Reproduce exactly the lines below, starting at the line that contains "Cole Beasley of" and ending with the last line of the records, both included; leave out any pictures.

----- Excerpted records -----

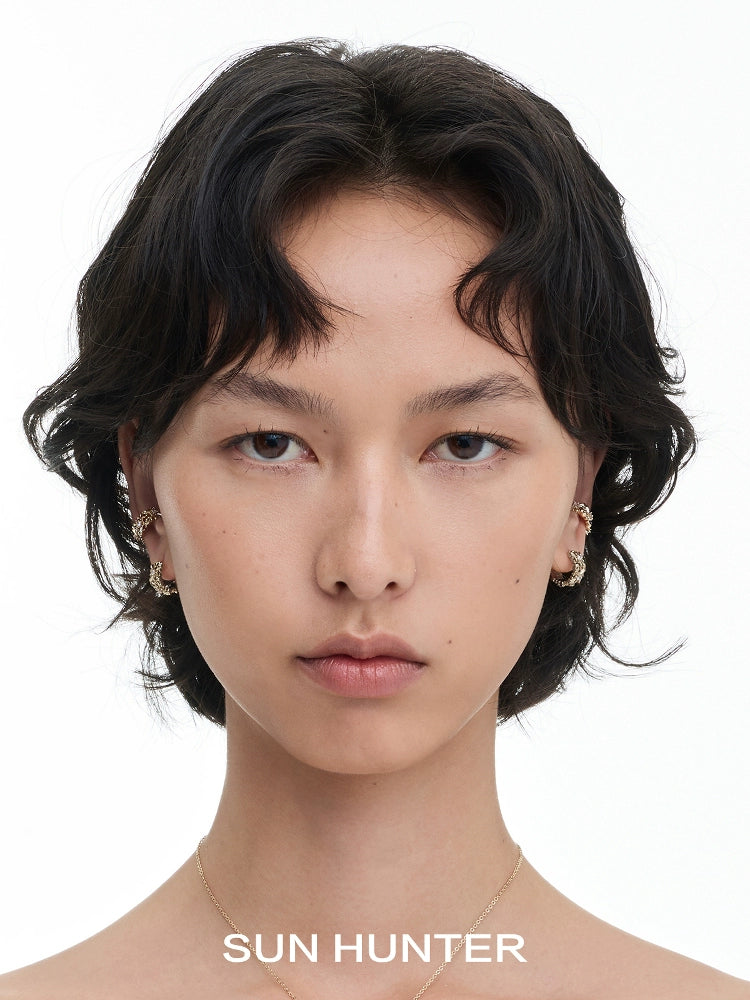Model wearing a vintage iris ear cuff from SUN HUNTER showcasing a unique design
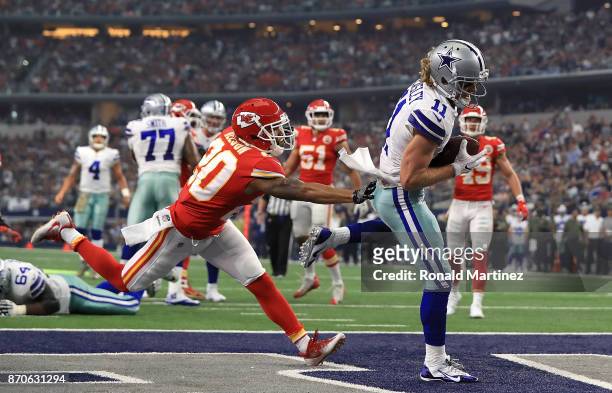 Cole Beasley of the Dallas Cowboys makes a touchdown pass peception against Steven Nelson of the Kansas City Chiefs in the first quarter at AT&T...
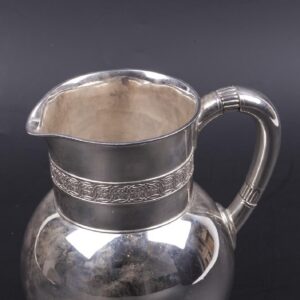 A Tiffany & Co silver water pitcher with wave motif — image 3
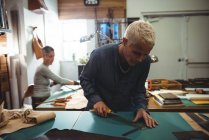 Внимательная ремесленница режет кожу в мастерской — стоковое фото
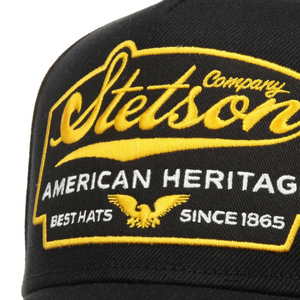 Stetson Trucker Cap Eagle -lippiksen etukirjailu lähikuvassa, keltainen Stetson-logo, kotka ja valkoinen American Heritage -teksti.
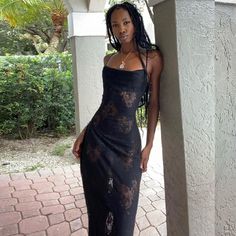 a woman in a black dress standing on a porch with her hand on her hip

-----

Expected answer
 Cole Beasley of the Dallas Cowboys makes a touchdown pass peception against Steven Nelson of the Kansas City Chiefs in the first quarter at AT&T...
 A Tiffany & Co silver water pitcher with wave motif — image 3
 Внимательная ремесленница режет кожу в мастерской — стоковое фото
 Stetson Trucker Cap Eagle -lippiksen etukirjailu lähikuvassa, keltainen Stetson-logo, kotka ja valkoinen American Heritage -teksti.
 a woman in a black dress standing on a porch with her hand on her hip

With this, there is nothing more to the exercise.